– Urodziłam dziecko, gdy sama miałam prawie 50! O czym ty myślałaś? – wyrzucali mi bliscy przez telefon.

newsempire24.com 2 tygodni temu

*Dzisiaj znów dzwoniła mama. Urodziłaś dziecko, gdy sama masz prawie pięćdziesiąt lat! Co ty sobie myślałaś? wyrzucała mi przez słuchawkę.*

Mam 46 lat. Miesiąc temu na świat przyszły moje bliźniaki chłopczyk Wojtuś i dziewczynka Zosia. Nie potrafię opisać, co czuję, gdy na nich patrzę. Szczęście, radość, łzy, to ciepło, które rozpiera mnie od środka. Po prostu nie da się tego ubrać w słowa.

Tylko iż ani moja mama, ani rodzona siostra nie przyszły choćby na wypis ze szpitala. Krewni ze strony męża też zignorowali przyjście na świat naszych dzieci. Wszystko przez nasz wiek.

Kiedyś choćby nie myślałam o dzieciach, szczerze mówiąc. Byłam młoda, cieszyłam się beztroskim życiem, tańczyłam w klubach. Czego więcej potrzeba dziewczynie do szczęścia? Morze drinków, adoratorzy, nocne eskapady. Dusza śpiewała z radości.

Aż w wieku 22 lat poznałam Krzysztofa. Takiego przystojniaka z brodą i okularami. I jak on potrafił żartować! Za nim biegały tabuny dziewczyn, a on wybrał mnie. Przyznaję, to mocno podniosło mi samoocenę. Miał mieszkanie, samochód, rodzinny interes. Jego rodzice prowadzili kilka sklepów z odzieżą w mieście i zarabiali niemałe pieniądze.

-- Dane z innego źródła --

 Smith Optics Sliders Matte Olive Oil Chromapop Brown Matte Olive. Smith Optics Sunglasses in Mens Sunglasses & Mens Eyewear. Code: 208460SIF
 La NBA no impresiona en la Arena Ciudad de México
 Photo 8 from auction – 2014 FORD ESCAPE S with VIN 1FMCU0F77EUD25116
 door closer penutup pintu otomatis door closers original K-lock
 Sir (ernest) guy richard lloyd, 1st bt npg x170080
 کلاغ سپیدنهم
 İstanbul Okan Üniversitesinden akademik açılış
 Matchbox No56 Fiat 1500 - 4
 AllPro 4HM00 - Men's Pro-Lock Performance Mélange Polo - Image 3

Myślałam, iż spotkałam księcia na białym koniu. Krzysztof mój bilet do szczęśliwego, beztroskiego życia. Już marzyłam o ślubie, pięknej sukni, miesiącu miodowym gdzieś w Egipcie.

Ale dla niego to nie był poważny związek. Mieszkałam u niego tylko miesiąc, a potem zmienił zamek i wyniósł moje rzeczy na klatkę. Ot, tak, gdy byłam w salonie na manicure! Jedyne, co usłyszałam: Jesteśmy z innych światów, nie pasujesz do mnie. Jakbym nie była kobietą, tylko zgubionym kapciem!

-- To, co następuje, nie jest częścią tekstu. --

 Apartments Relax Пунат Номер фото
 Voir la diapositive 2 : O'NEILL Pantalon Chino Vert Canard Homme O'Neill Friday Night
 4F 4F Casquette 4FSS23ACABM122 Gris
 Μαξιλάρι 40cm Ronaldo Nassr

Przez to rozstanie bardzo się załamałam. Schudłam 15 kilogramów, wyglądałam jak mumia. Włosy wypadały garściami, nosiłam peruki albo kapelusze. Zdrowie też dało o sobie znać nagły spadek wagi odbił się na kobiecych sprawach. Przeszłam operację, łykałam leki, choćby jakieś ziółka i nalewki. Nic nie pomogło.

Postanowiłam skupić się na karierze. Zawsze lubiłam malować paznokcie, więc zostałam stylistką paznokci. Na szczęście klientek nie brakowało, a płacili mi hojnie. Wzięłam kredyt i kupiłam małe dwupokojowe mieszkanie. Potem odłożyłam na samochód. A w wieku 33 lat spełniłam marzenie własny salon urody. Pracują ze mną młodsze dziewczyny.

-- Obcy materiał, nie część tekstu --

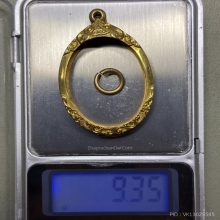 เหรียญ หลวงปู่อี๋ วัดสัตหีบ เนื้อทองคำ พ.ศ.2515 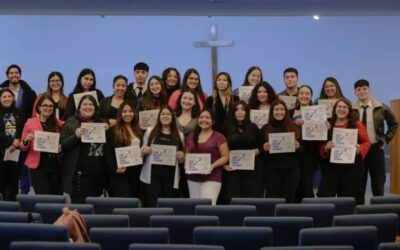 Una nueva generación de estudiantes se convirtieron en Embajadores UCM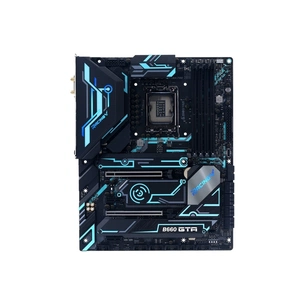 Материнська плата Biostar B660GTA зображення 1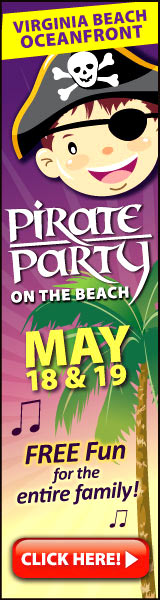 Pirate Party On The Beach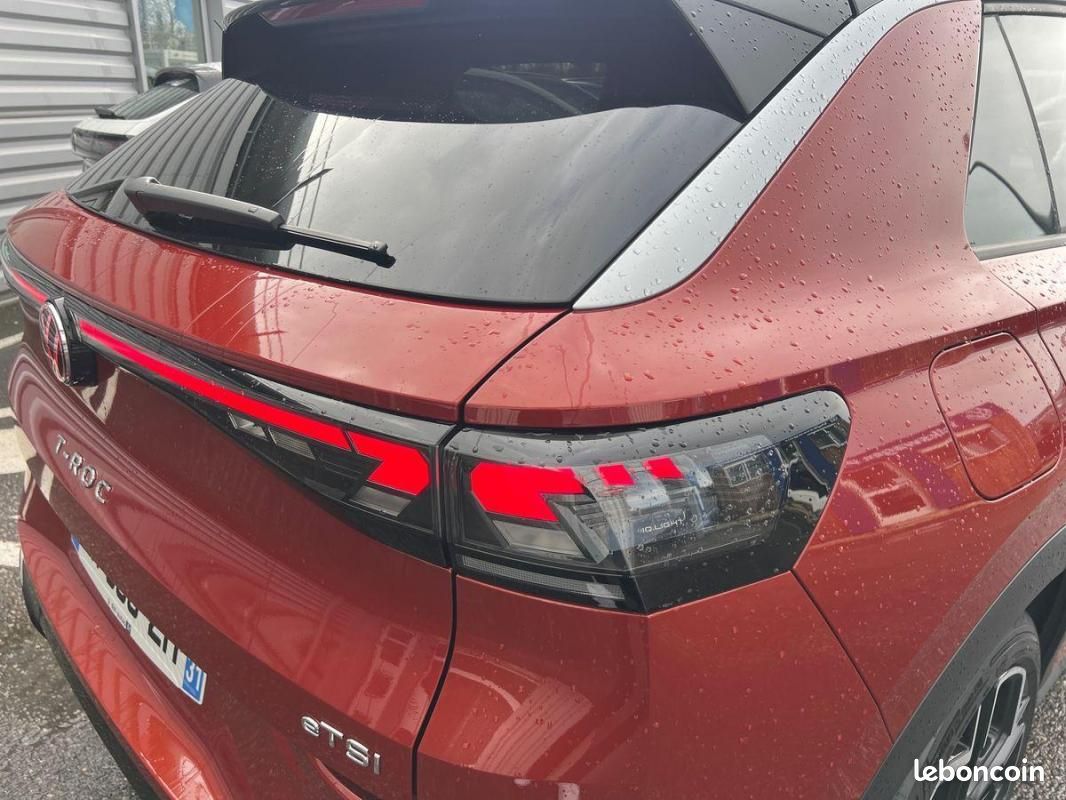 Volkswagen T-Roc FL NOUVEAU NF 1.5 ETSI HYBRID 150CH D (image 21)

Dwa lata temu poznałam Jacka. Pracował niedaleko, pewnego dnia wpadł do salonu, żeby rozmienić 200 złotych. I wtedy znów się zakochałam. gwałtownie zaczęliśmy mieszkać razem, wzięliśmy ślub. I oczywiście zaczęliśmy myśleć o dzieciach.

Nic nie wychodziło przez nasz wiek. Więc zdecydowałam się na in vitro. Ciągle modliłam się do Boga, żeby dał mi dziecko, żebym mogła być najlepszą mamą.

I Bóg wysłuchał moich modlitw. Urodziłam dwoje zdrowych dzieci, poród przebiegł bez komplikacji.

Oszalałaś? Jakie dzieci w twoim wieku? Myślałaś w ogóle głową? mama krzyczała przez telefon.

Boże, ja niedługo będę babcią, a ty postanowiłaś urodzić dziecko? Siostro, jesteś już na to za stara! wrzeszczała siostra.

Nikt z rodziny nas nie wsparł. Przed szpitalem czekał tylko Jacek i fotograf. Zrobiliśmy kilka pamiątkowych zdjęć i pojechaliśmy do domu.

Dzieci mają już miesiąc. Ani mama, ani siostra nie chcą nas odwiedzić. Mówią, iż zrobiłam im wstyd przed całym miastem. Bo ośmieliłam się urodzić dziecko w takim wieku.

Ale czy to moja wina, iż zapragnęłam własnej rodziny? Czy to aż taki grzech?